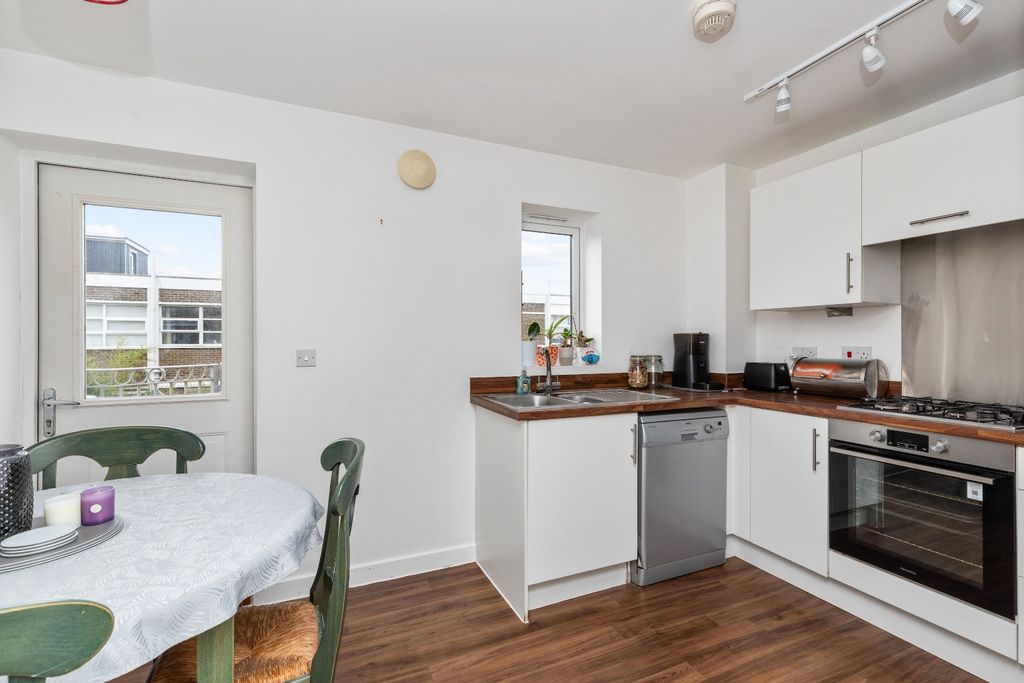 Property photo 3 of 12 4400997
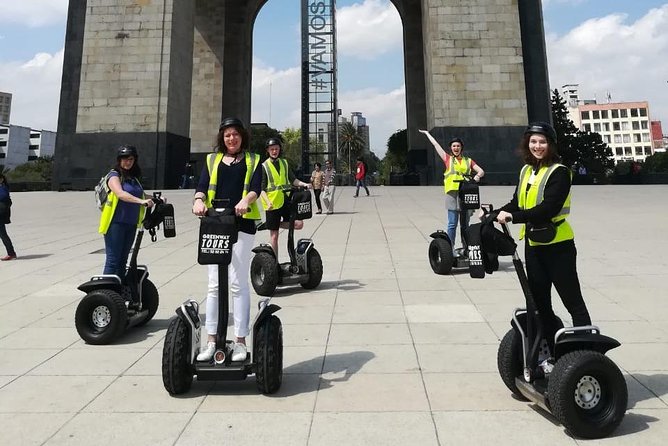Mexico City Segway Tour: Reforma Avenue - El Ángel de la Independencia, why this landmark anchors the route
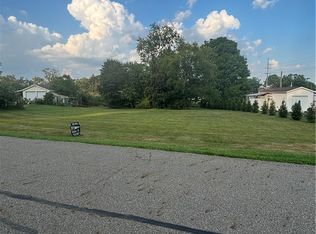 Menegay Rd, Louisville, OH 44641
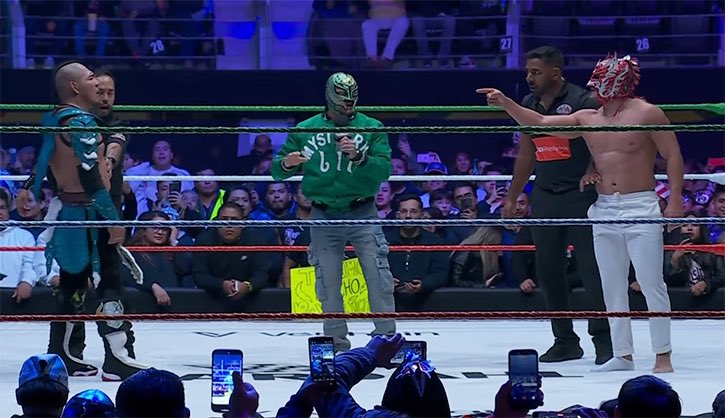 Rey Mysterio announces Vikingo vs Dragon Lee for AAA Guerra De Titanes on Dec 20 in Guadalajara! #LuchaLibreAAA #alianzasaaa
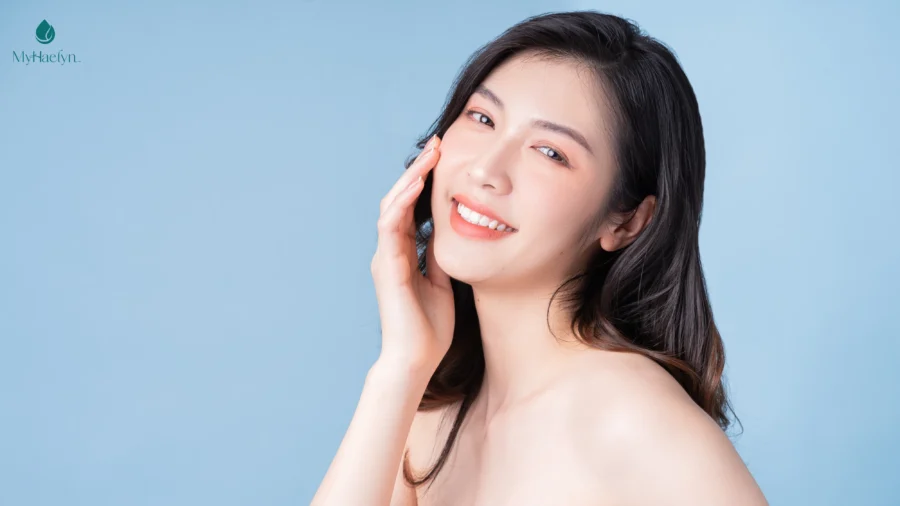 Toner là bước đệm quan trọng trong chu trình skincare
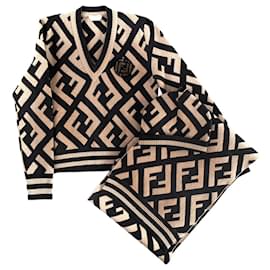 Fendi-pull it set40 fendi scarf hat one size-Caramel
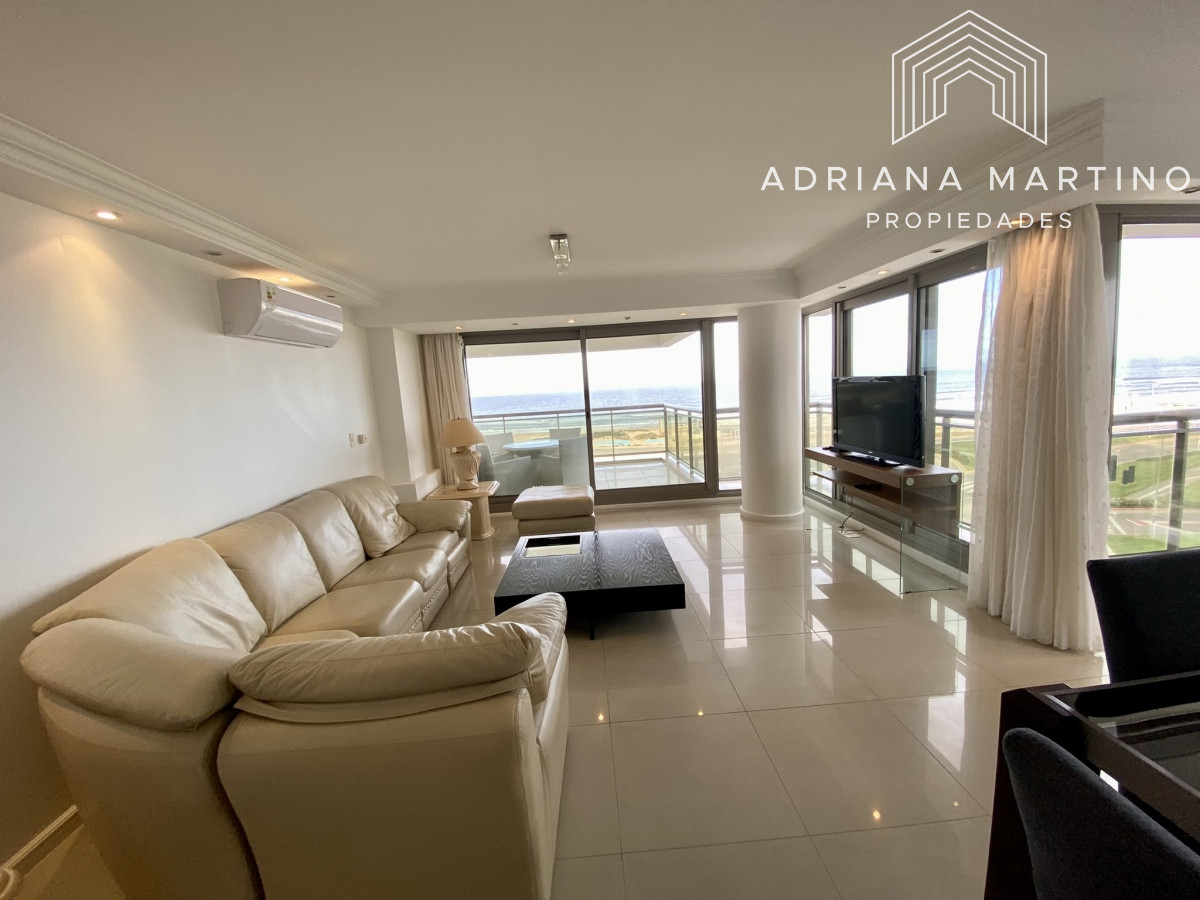 Excelente apartamento de lujo en una zona referencial de Punta del Este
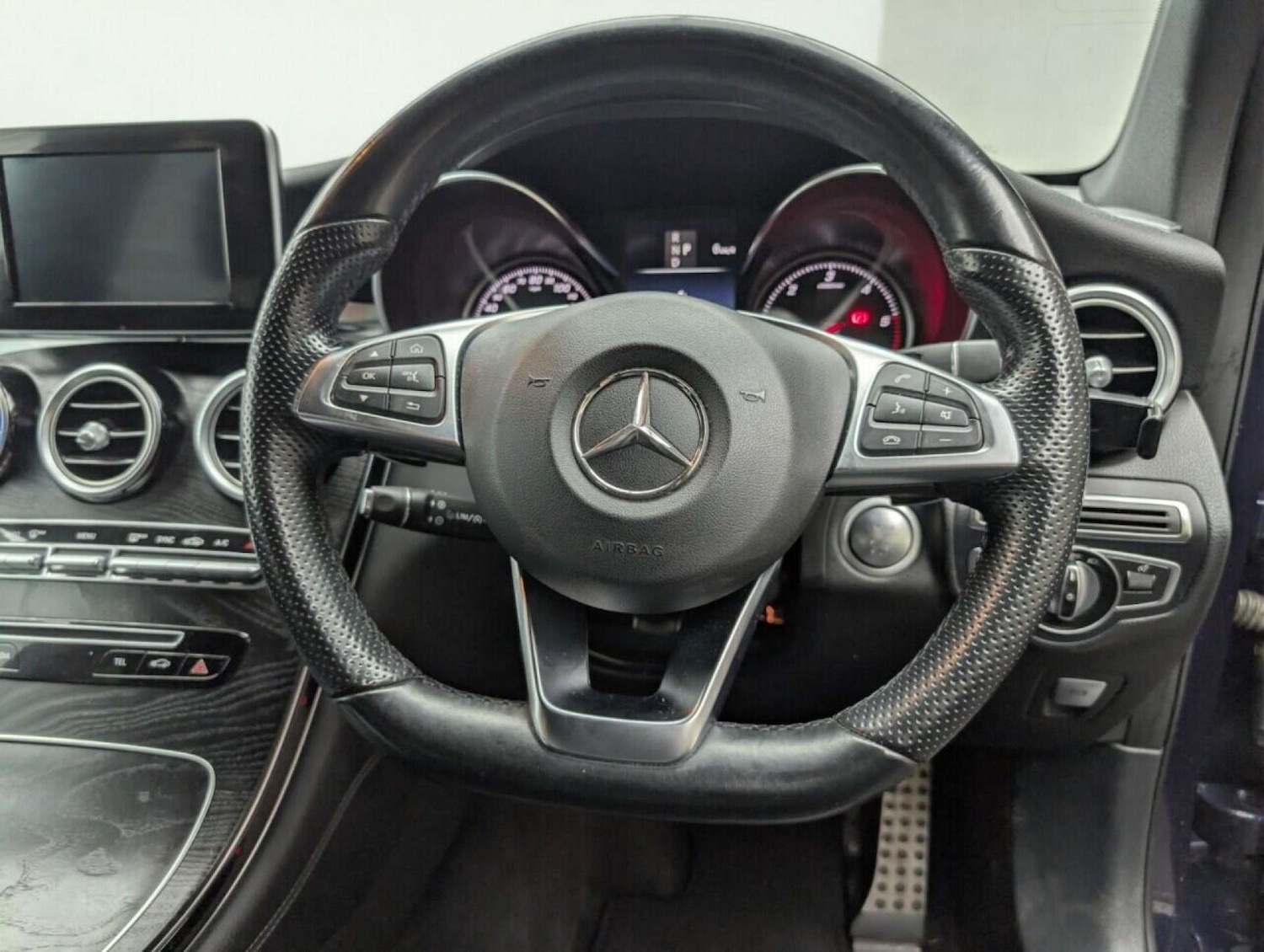 Used Mercedes-Benz GLC 2016 for sale - 77713820: Photo 34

• WORK REQUIRED
Only the lines from the top of the data through the line with "Fendi-pull it set40" should be quoted, exactly and with both ends kept; skip the pictures.

• RESULT FOR THIS EXERCISE
 Property photo 3 of 12 4400997
Mexico City Segway Tour: Reforma Avenue - El Ángel de la Independencia, why this landmark anchors the route
 Menegay Rd, Louisville, OH 44641
 Rey Mysterio announces Vikingo vs Dragon Lee for AAA Guerra De Titanes on Dec 20 in Guadalajara! #LuchaLibreAAA #alianzasaaa
 Toner là bước đệm quan trọng trong chu trình skincare
 Fendi-pull it set40 fendi scarf hat one size-Caramel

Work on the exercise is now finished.